Roughly speaking, a set of vectors $(v_1,\ldots,v_n)$ which obey the UUP are “just as good” as an orthonormal set of vectors, so long as one doesn’t look at more than S of these vectors at a time. For instance, one can easily show that the map $(a_1,\ldots,a_n) \mapsto \sum_j a_j v_j$ is still injective as long as one restricts attention to input vectors which are S/2-sparse or better (i.e. at most S/2 of the coefficients are allowed to be non-zero). This still leaves the question of how to efficiently recover the sparse coefficients $(a_1,\ldots,a_n)$ from the transformed vector $w = \sum_j a_j v_j$. The algorithm (2) is no longer accurate, however if the coefficients are just a little bit sparser than S/2 (e.g. S/3 will do) then one can instead use the algorithm of basis pursuit to recover the coefficients $(a_1,\ldots,a_n)$ perfectly.
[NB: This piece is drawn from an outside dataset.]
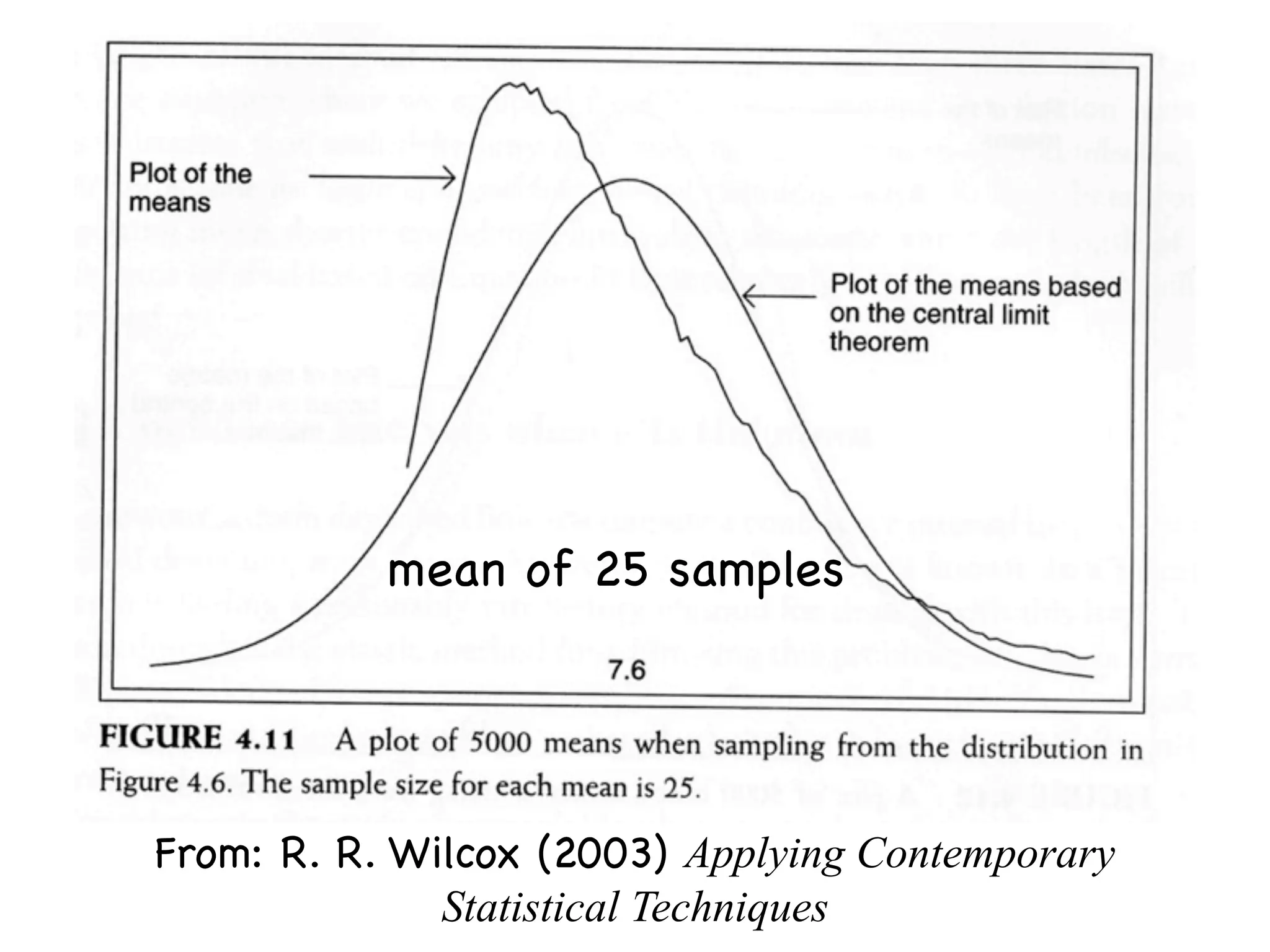 mean of 25 samples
Namely, it turns out that among all the possible representations $w = \sum_j b_j v_j$ of w, the one which minimises the $l^1$ norm $\sum_j |b_j|$ will be the one which matches the S/3-sparse representation $\sum_j a_j v_j$ exactly. (This has an interesting geometric interpretation: if we normalise all the vectors $v_j$ to have unit length, then this result says that the simplest (sparsest) way to get from 0 to w by moving in the directions $v_1, \ldots, v_n$ is also the shortest way to get there.) There are also some related results regarding coefficients $(a_1,\ldots,a_n)$ which are merely compressible instead of sparse, but these are a bit more technical; see my paper with Emmanuel Candes for details.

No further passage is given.